Is there a way to load the model only once?

Hello everybody,

When I use the pre-trained model, it outputs the following:

Loaded model in 1.678s.
Loading language model from files models/lm.binary models/trie
Loaded language model in 5.425s.
Running inference.
Inference took 21.084s for 3.990s audio file.

Is there a way to load the model and maybe also the language model only once, before submitting audio files?
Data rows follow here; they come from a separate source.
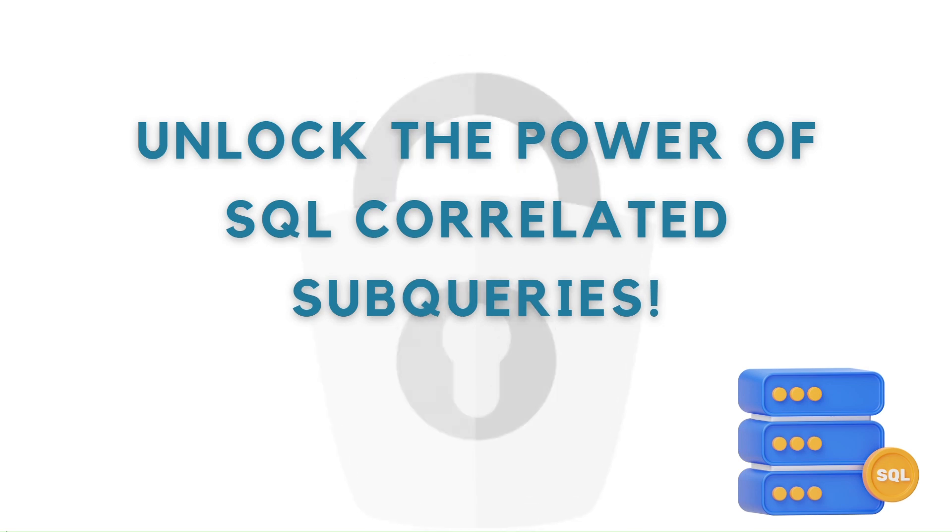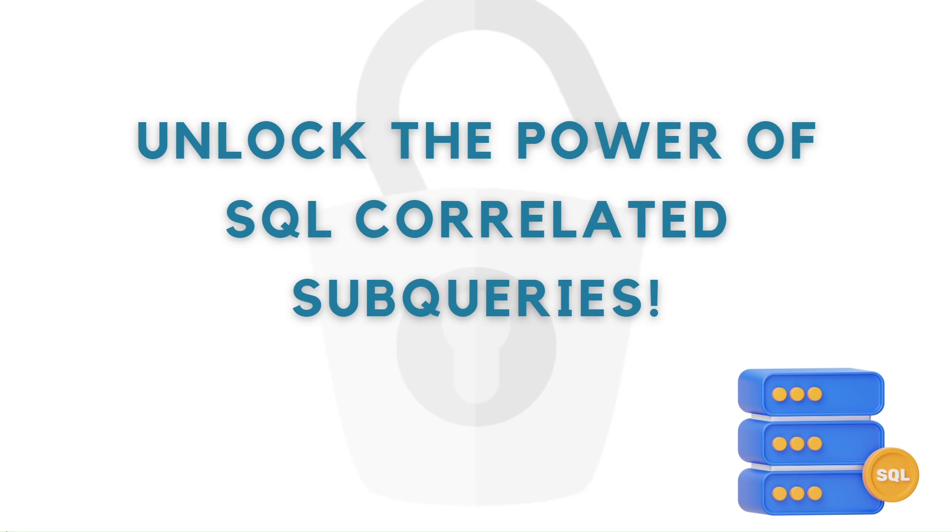If you wondered how SQL can use one query inside another, let us explore correlated subqueries.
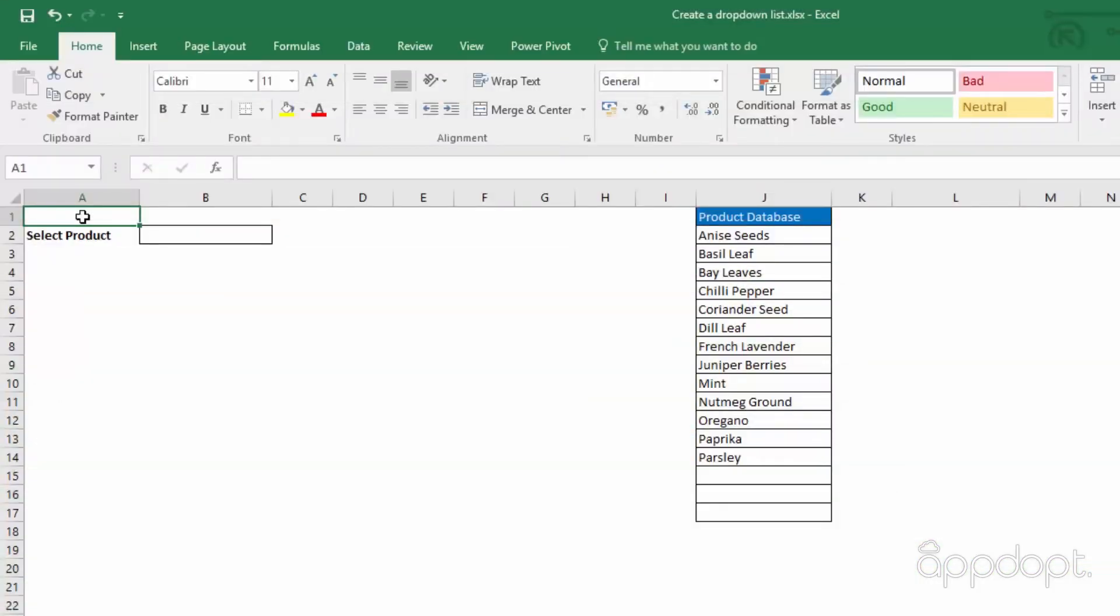It is possible to create a dropdown option list for use as input into a cell. This is perfect when you have an input which should only allow certain entries. This is also good practice for data standardization.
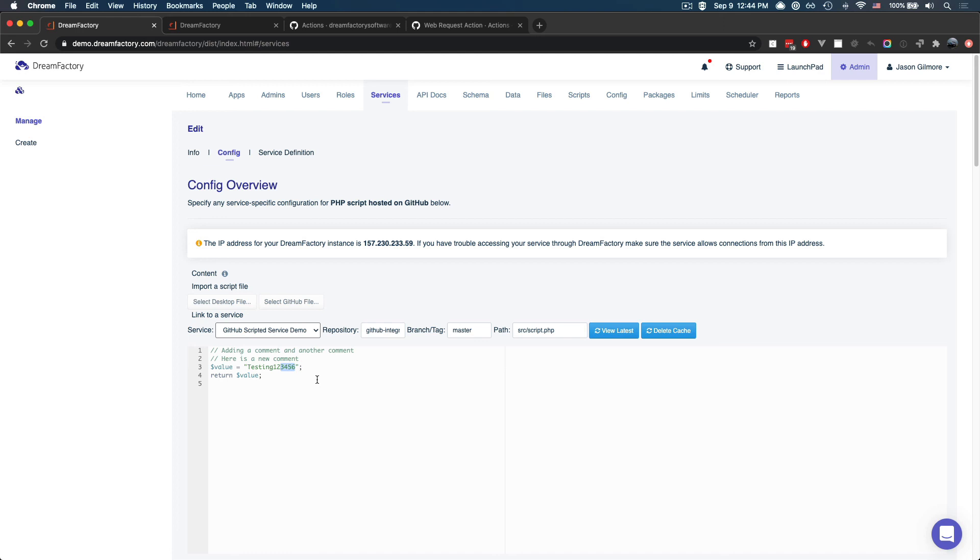So hopefully this short video gave you a nice overview of what this integration process looks like. And of course, from here, you could thoroughly test that API by adding some sort of test framework to that repository. You could use assertions and mocks to confirm the desired behavior and output. And once those tests pass, you can push them to DreamFactory and deploy them for production purposes.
Because for example, when 10 users want to use the service one after the other, the model gets also loaded 10 times.
I am building a transcription service based on the DeepSpeech library and this could lead to a significant performance improvement.

Regards,
Niklas

Share us code, because that’s trivial to do, and this is already what we do in native_client/client.cc for the multi-WAV usecase (multiple WAV files in one directory).

ds-srv in Rust also does it: https://gitlab.com/deepspeech/ds-srv/blob/5ba4bf0bf338aeb7c2b186cb2f6d65fd72eff4c0/src/inference.rs#L56-74 https://gitlab.com/deepspeech/ds-srv/blob/5ba4bf0bf338aeb7c2b186cb2f6d65fd72eff4c0/src/inference.rs#L210

1 Like

That seems very slow, what’s your hardware ?

2014 Macbook Pro with 2 GHz Intel Core i7, 8 GB RAM, Intel Iris Pro 1536 MB.

Thanks for your quick answer Lissyx.
Unfortunately, I can’t share the code with you, except a few lines.

How can I change the following command (in python), so that it loads the model only once?

subprocess.Popen("deepspeech models/output_graph.pb {} models/alphabet.txt 
                                   "models/lm.binary "
                     "models/trie > {}".format(audio_name, result_name), shell=True).wait()

Well, if you use directly the binary or the CLI python tool through forks, there’s no help we can provide.

Why don’t you just look at the client.py and get inspired instead of just forking like that?

1 Like
1 Like

You are also using the non mmap-able file format, so it means lots of memory allocations. We have a warning in place for that.

Just for clarification: You mean I should use the command-line client instead of the python package and change the native-client “client.py” script, so that it loads the model only once?

No, I’m saying you should not call subprocess and just directly import deepspeech in your codebase. This way you can control loading of the model and separately inference. And you can just look at client.py to see the code to use :slight_smile:

1 Like

Thanks for you quick answers!
I am having a little issue: Where do you have these functions from? “from deepspeech import Model, printVersions”

I’m not sure I understand your question … But you should look inside native_client/python/ …

Yes I did. But I can’t import these functions like you do in the script. Whether I just run the script or when I try to import them in the terminal.

It would help if you could be a bit more verbose and share the error … Everything you need is in native_client/python/ …

Sorry if I am unprecise.

For example when I run “DeepSpeech/native_client/python/client.py” it outputs:

Traceback (most recent call last):

File "client.py", line 12, in <module>

from deepspeech import Model, printVersions

ImportError: cannot import name 'Model'

Can you document what you do ? Like virtualenv setup, pip steps, etc. ?

Deepspeech is installed on my machine and I also upgraded it today. For example, when I open a python shell, I can do “import deepspeech” without any issues.

Is that what you mean?

Yes, but it’s still very blurry … Like, which version of DeepSpeech is installed ? And how did you installed that ?

This is heavily tested code, it works for sure.

Thanks for your patience. I have version 0.2.0 and I installed it via pip.

Can you ensure it’s available when you try the client.py code? The error suggests it’s not available at this moment. Again, a proper description of your STR would save everyone a lot of time.